- Work order -
Below is a listing; transcribe it exactly but without any images.
>>
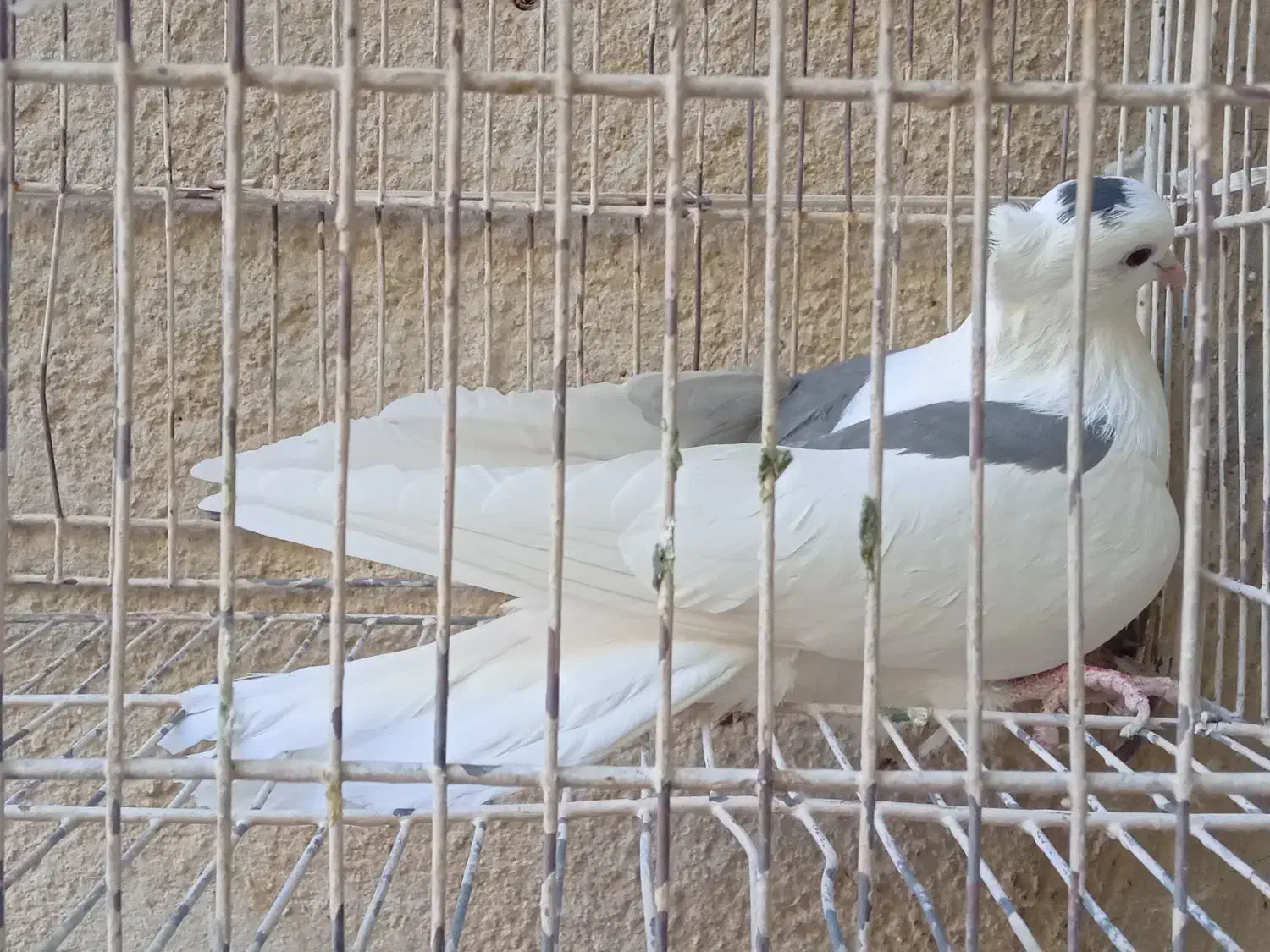 ماده نواتی سرخ ماده شونی ماده یکت|پرنده|سیلاخور, |دیوار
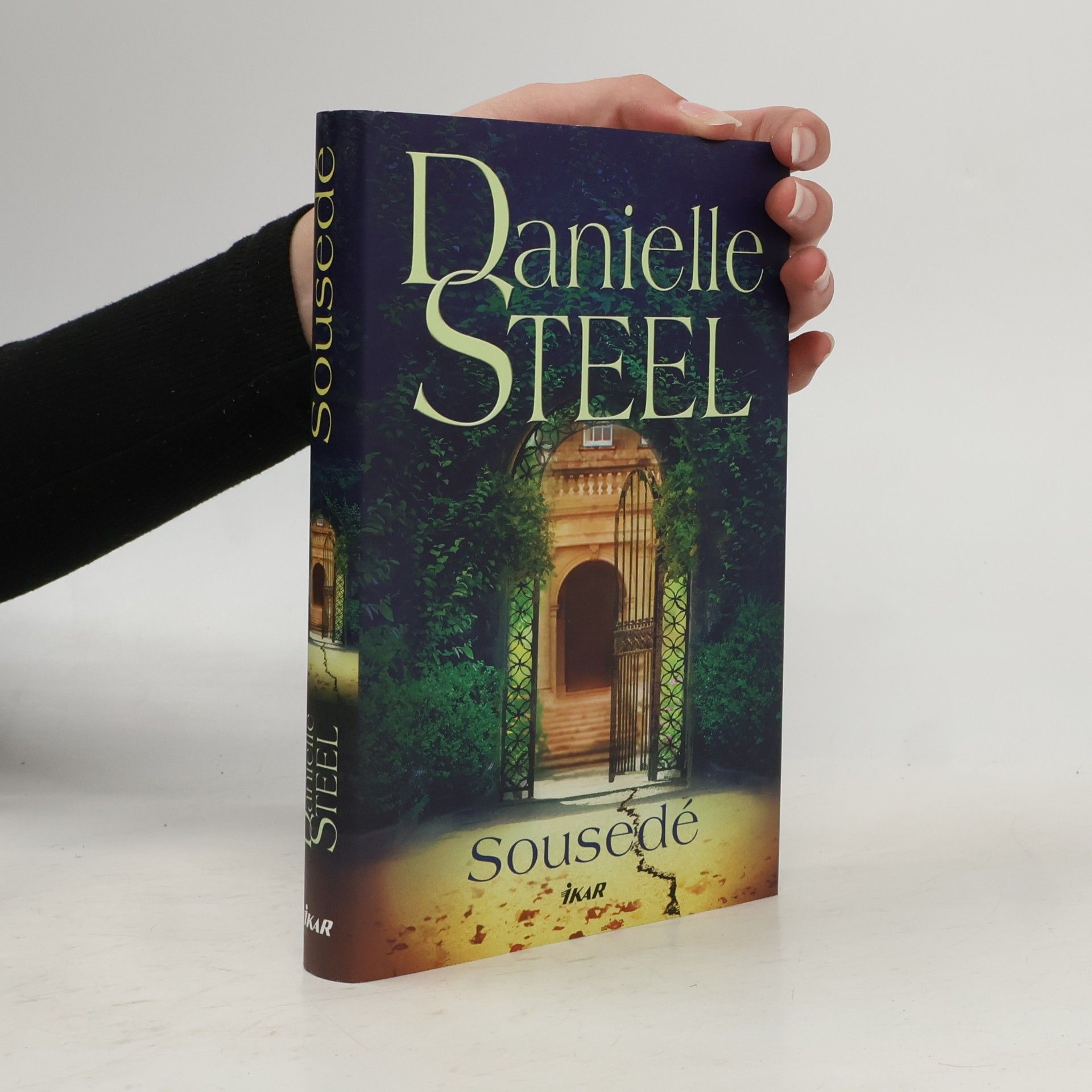 Danielle Steel Sousedé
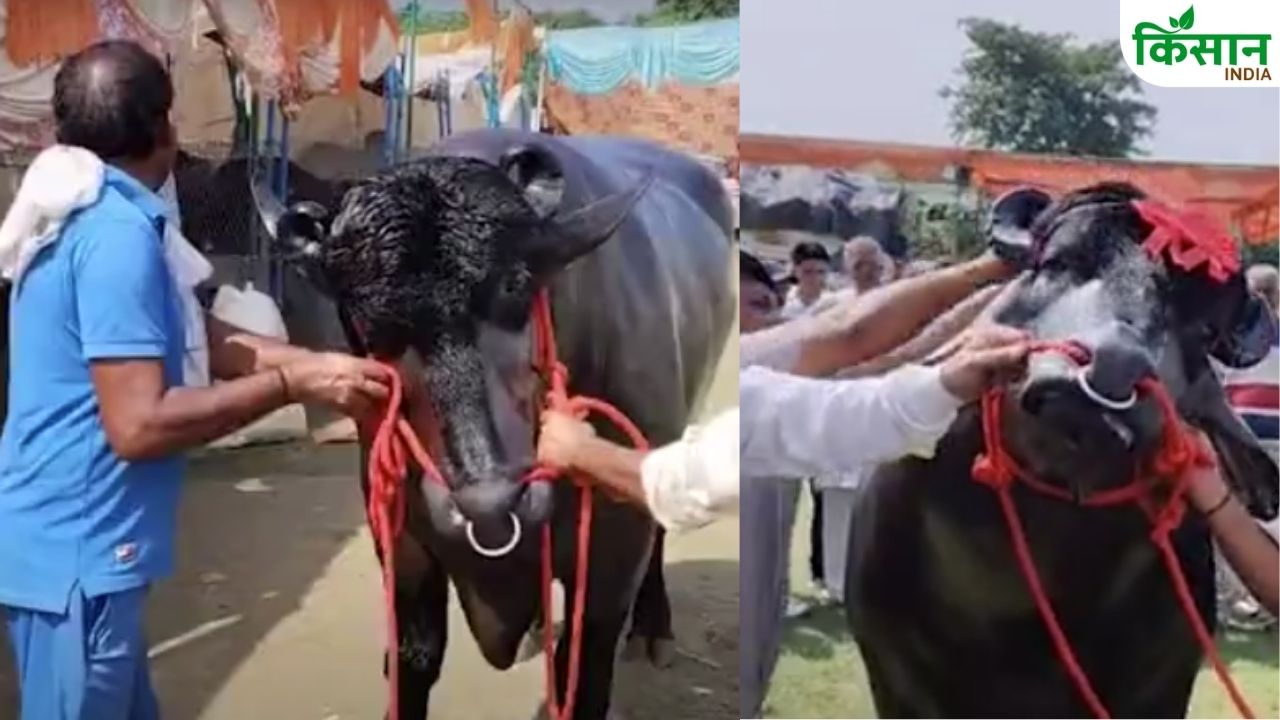 हरियाणा के ‘विधायक’ की कीमत 8 करोड़, भैंसे से मालिक की सालाना कमाई जानकर चौंक जाएंगे आप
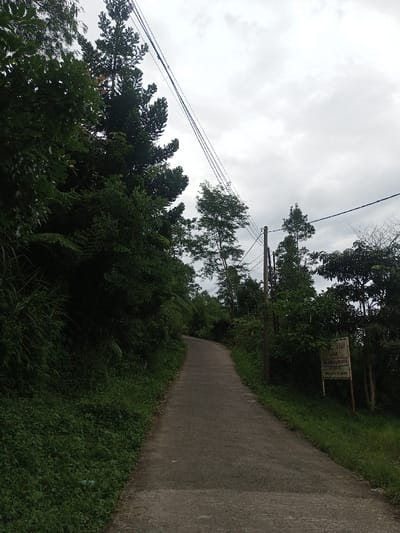 The scene depicts a narrow, concrete-paved road ascending gently through a vegetated area in Hasanparthy mandal, India. The road, devoid of visible markings or shoulders, curves slightly to the left as it recedes into the midground. On the left side, a steep embankment is densely covered with lush, dark green foliage, including tall trees, ferns, and various undergrowth. The right side of the road also features dense green vegetation, with multiple trees, shrubs, and grass. Several dark utility poles are visible along the right edge of the road, supporting multiple parallel black power lines that traverse diagonally across the upper frame against the sky. A light-colored, weathered rectangular sign with dark, unreadable text is partially visible on the right, mounted on a wooden post amidst the foliage near the utility poles. The sky above is uniformly overcast with grey clouds. No people, animals, or vehicles are present. No specific actions or interactions are depicted.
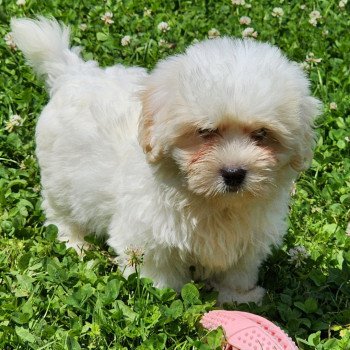 chiot Coton de tulear A Élevage du Royaume des P'tits Loups chiot Coton de tulear A Élevage du Royaume des P'tits Loups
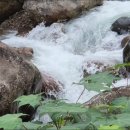 JIRI VALLEY 네이버블로그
<<
- Response box -
 ماده نواتی سرخ ماده شونی ماده یکت|پرنده|سیلاخور, |دیوار
 Danielle Steel Sousedé
 हरियाणा के ‘विधायक’ की कीमत 8 करोड़, भैंसे से मालिक की सालाना कमाई जानकर चौंक जाएंगे आप
 The scene depicts a narrow, concrete-paved road ascending gently through a vegetated area in Hasanparthy mandal, India. The road, devoid of visible markings or shoulders, curves slightly to the left as it recedes into the midground. On the left side, a steep embankment is densely covered with lush, dark green foliage, including tall trees, ferns, and various undergrowth. The right side of the road also features dense green vegetation, with multiple trees, shrubs, and grass. Several dark utility poles are visible along the right edge of the road, supporting multiple parallel black power lines that traverse diagonally across the upper frame against the sky. A light-colored, weathered rectangular sign with dark, unreadable text is partially visible on the right, mounted on a wooden post amidst the foliage near the utility poles. The sky above is uniformly overcast with grey clouds. No people, animals, or vehicles are present. No specific actions or interactions are depicted.
 chiot Coton de tulear A Élevage du Royaume des P'tits Loups chiot Coton de tulear A Élevage du Royaume des P'tits Loups
 JIRI VALLEY 네이버블로그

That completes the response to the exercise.